**Data provided**
============================================================

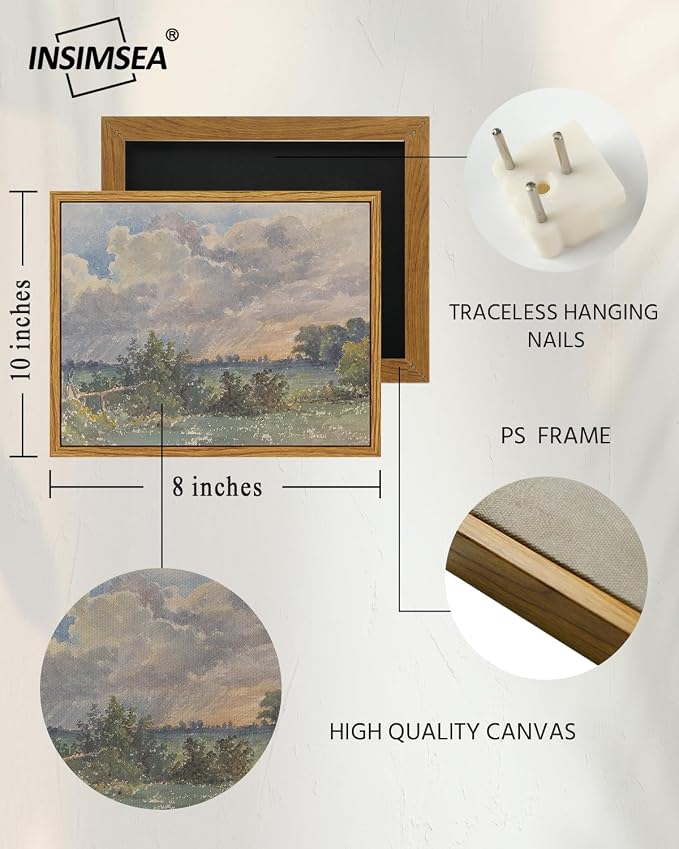 InSimSea Framed Canvas Wall Art, Vintage Landscape Art - Image 4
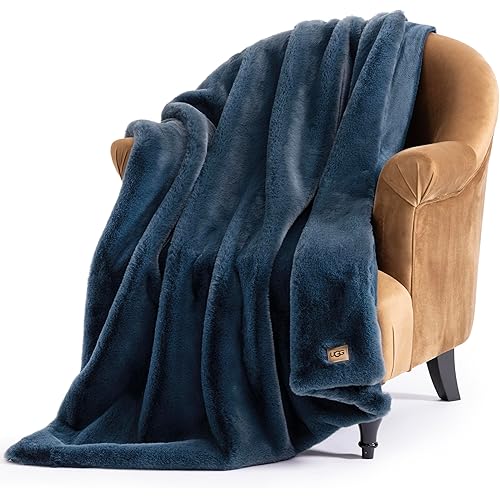 UGG Plush Faux Fur Throw Blanket Reversible Medium Weight Luxury Soft Throw Blankets for Bed or Chair, Hypoallergenic, Machine Washable, Home Decor, 50-inch x 70-inch, Indigo Navy Blue (Euphoria)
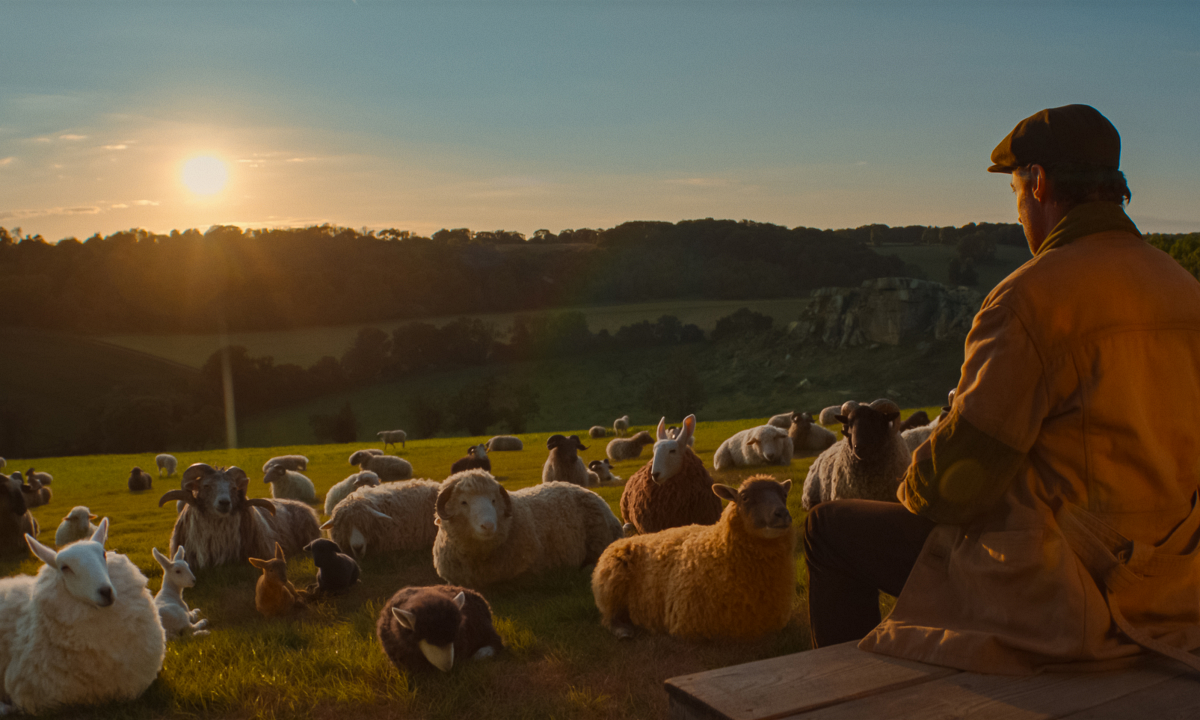 A shepherd sits in front of his flock of sheep - The Sheep Detectives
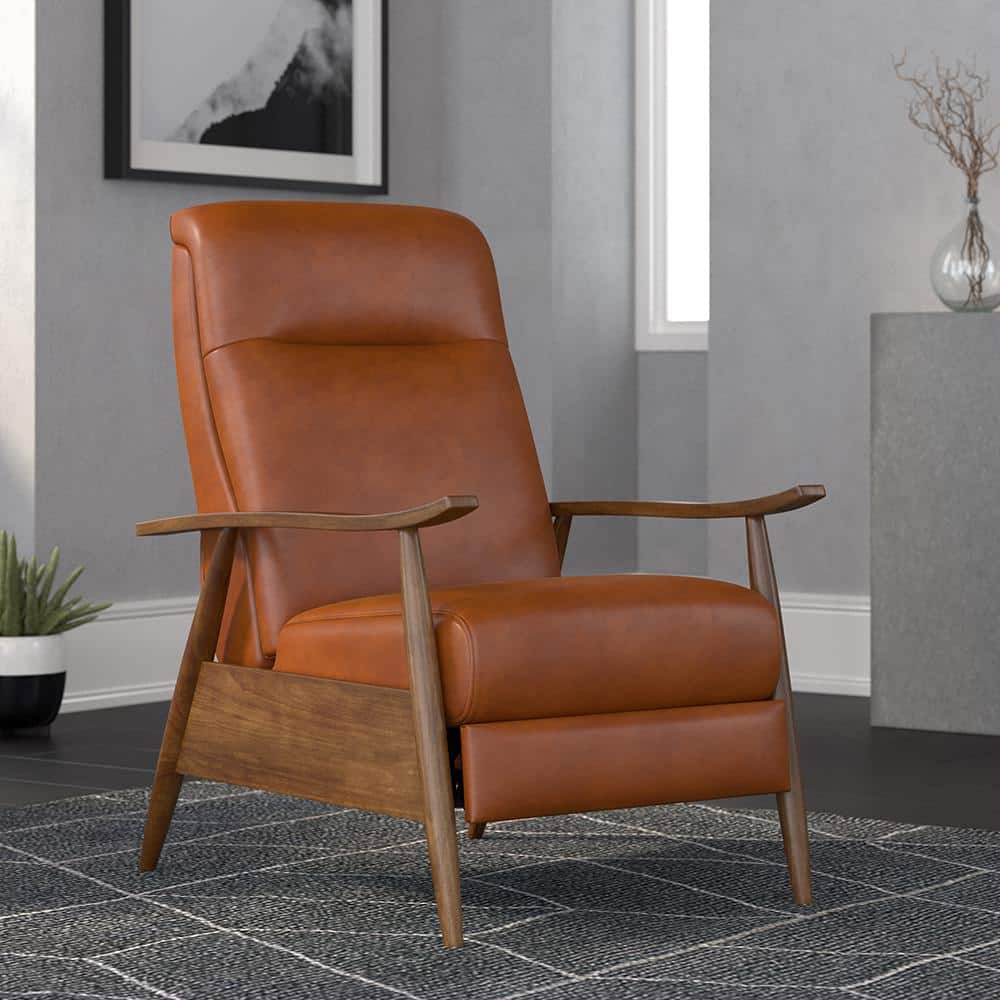 Caramel Mid-Century Modern Faux Leather Recliner with Wooden Arms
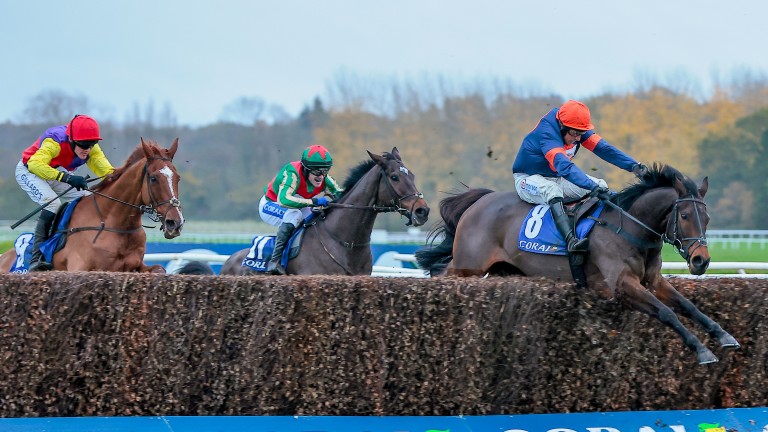 Le Milos and Harry Skelton take last in the Coral Gold Cup from stablemates Remastered (left) and Gericault Roque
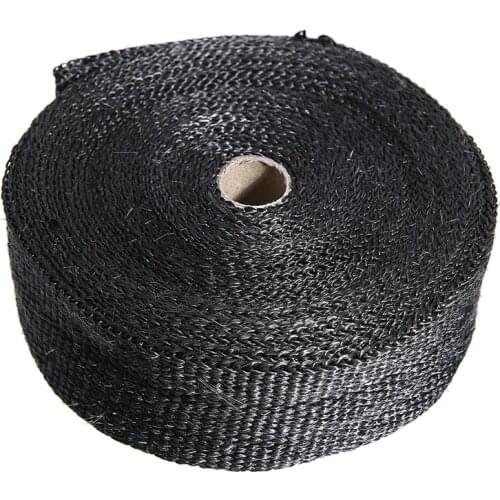 1 Roll 15M Black Motorcycle Exhaust Thermal Tape Header Heat Wrap Manifold Insulation Heat Resistant Tape with 15pcs Ties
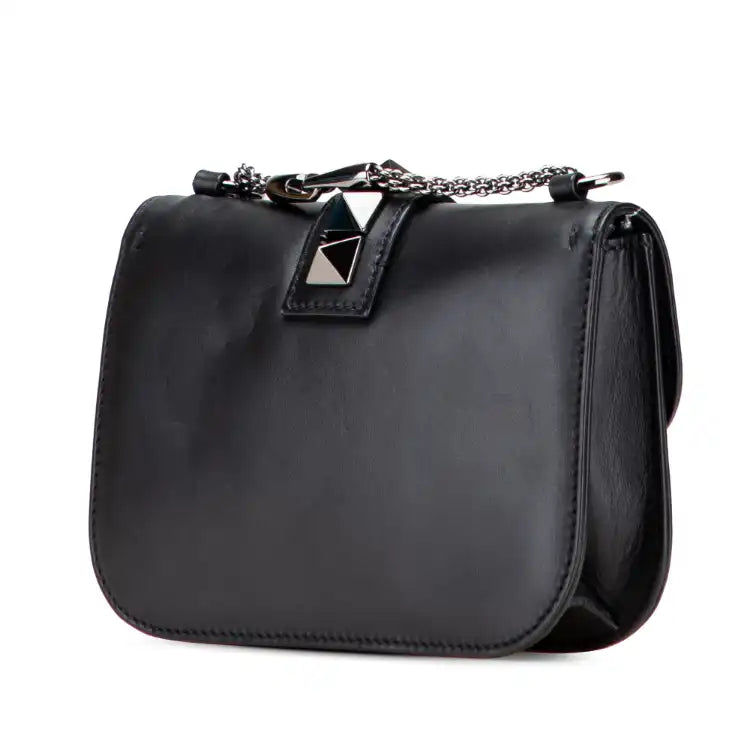 Valentino Small Leather Rockstud Glam Lock Crossbody
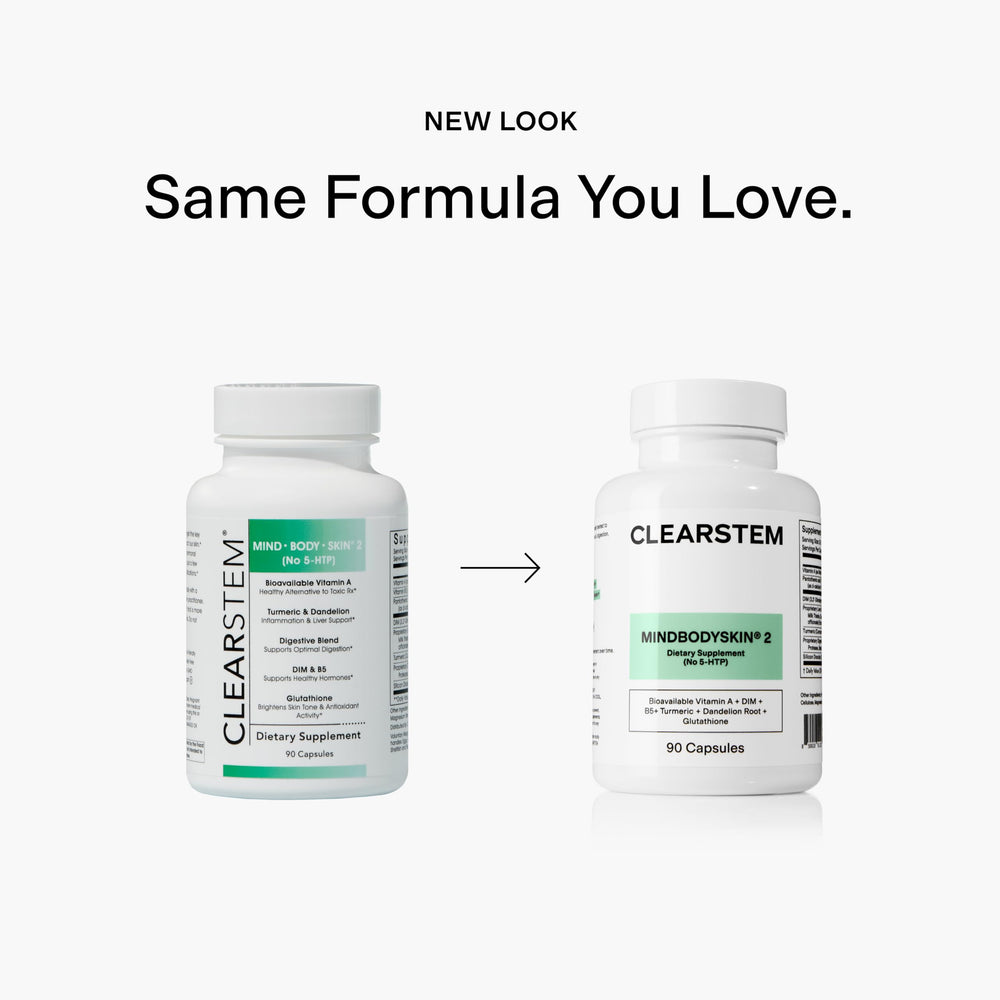 CLEARSTEM empaque lateral con información de uso y advertencias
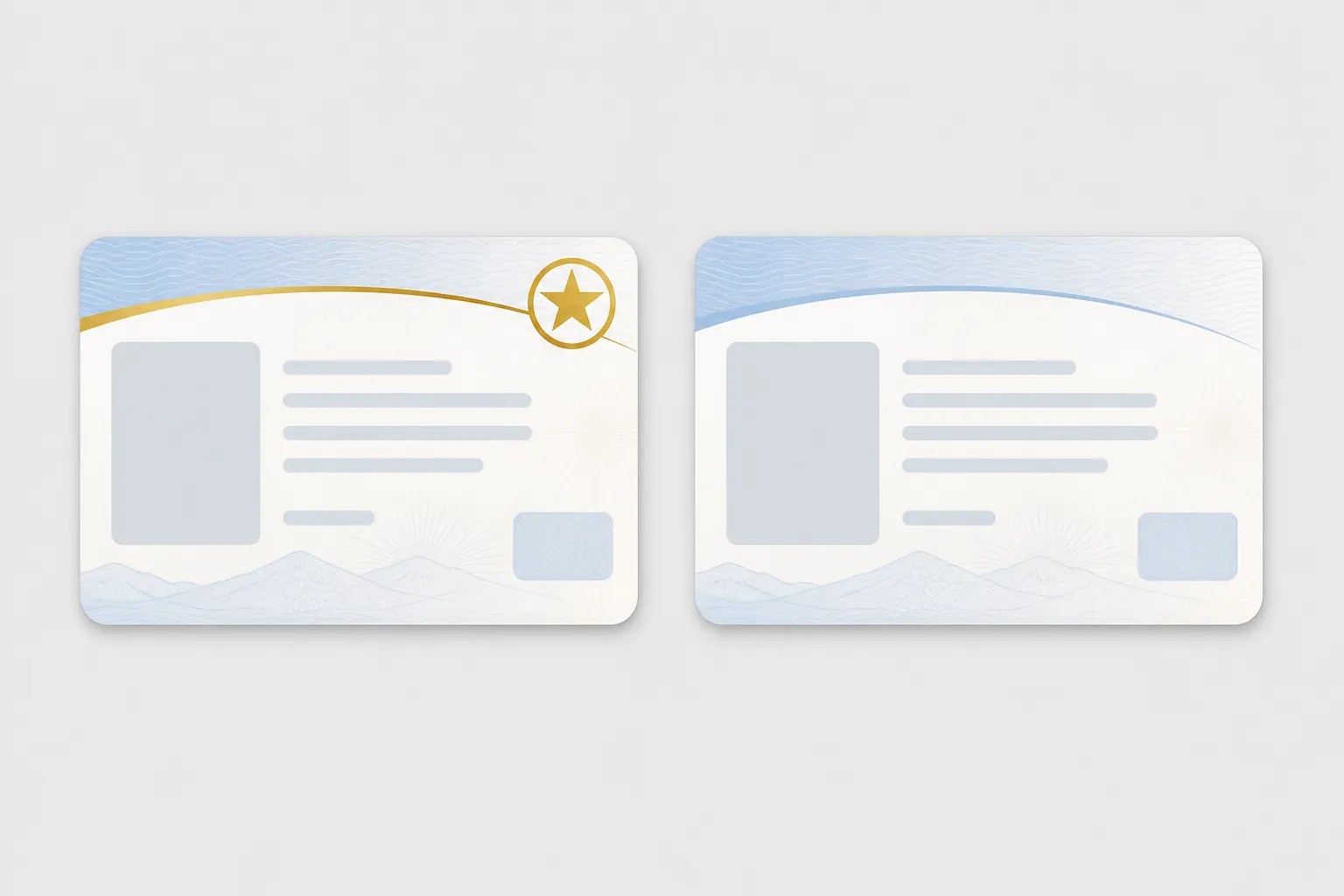 Two driver's-license-style cards, one marked with a gold REAL ID star and one without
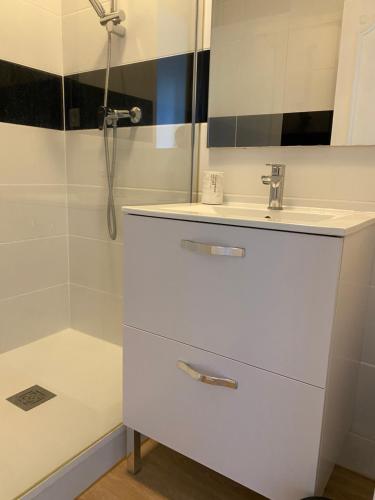 y baño blanco con lavabo y ducha. en Spacieux - lumineux - 3 couchages - Quimper centre, en Quimper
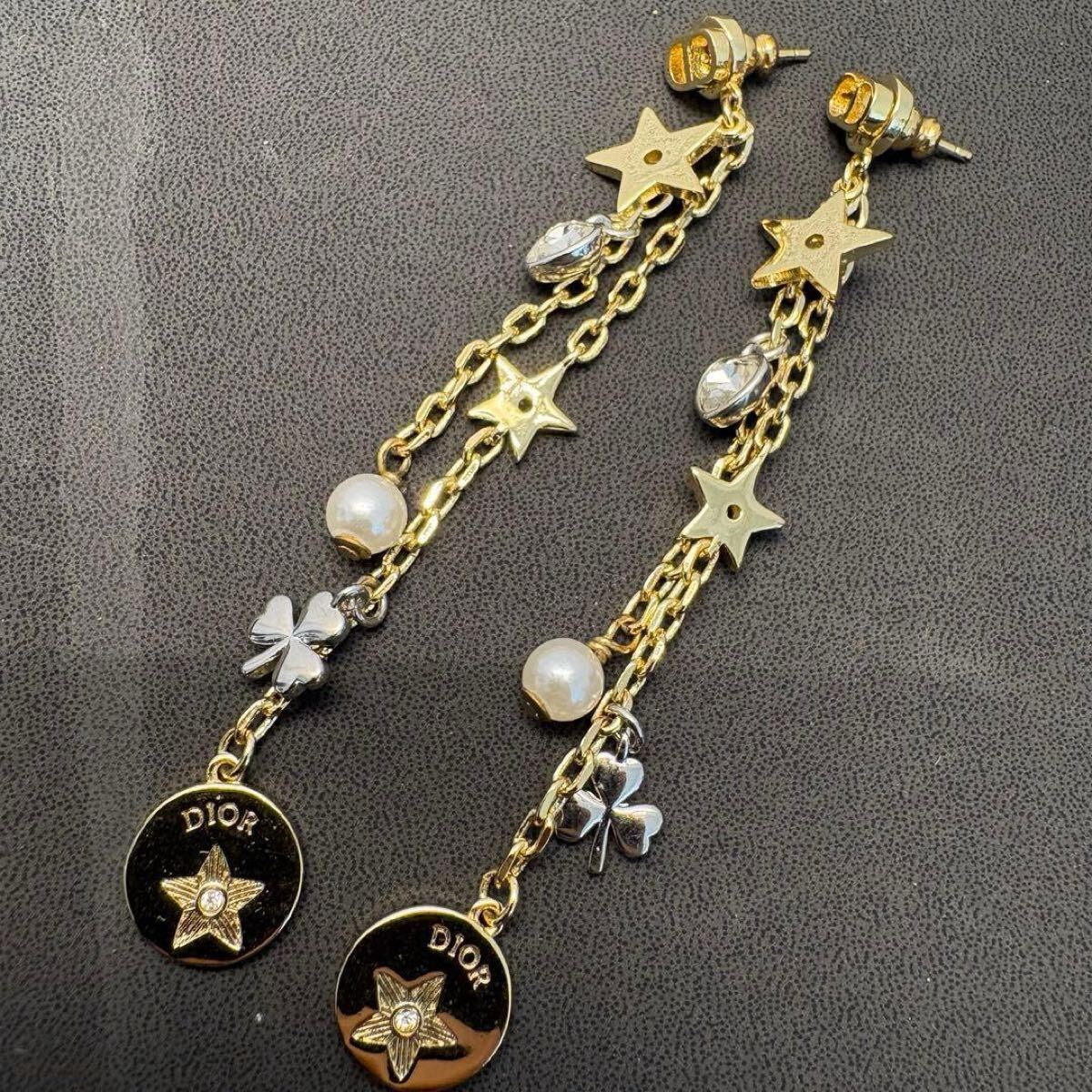 【未使用保管品/付属品完備】Christian Dior クリスチャンディオール ピアス トライバル スター クローバー モチーフ デザイン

============================================================

Begin at the first line of the entries and end at the line containing "Caramel Mid-Century Modern": write out each line exactly, skipping pictures.

**Task answer**
 InSimSea Framed Canvas Wall Art, Vintage Landscape Art - Image 4
 UGG Plush Faux Fur Throw Blanket Reversible Medium Weight Luxury Soft Throw Blankets for Bed or Chair, Hypoallergenic, Machine Washable, Home Decor, 50-inch x 70-inch, Indigo Navy Blue (Euphoria)
 A shepherd sits in front of his flock of sheep - The Sheep Detectives
 Caramel Mid-Century Modern Faux Leather Recliner with Wooden Arms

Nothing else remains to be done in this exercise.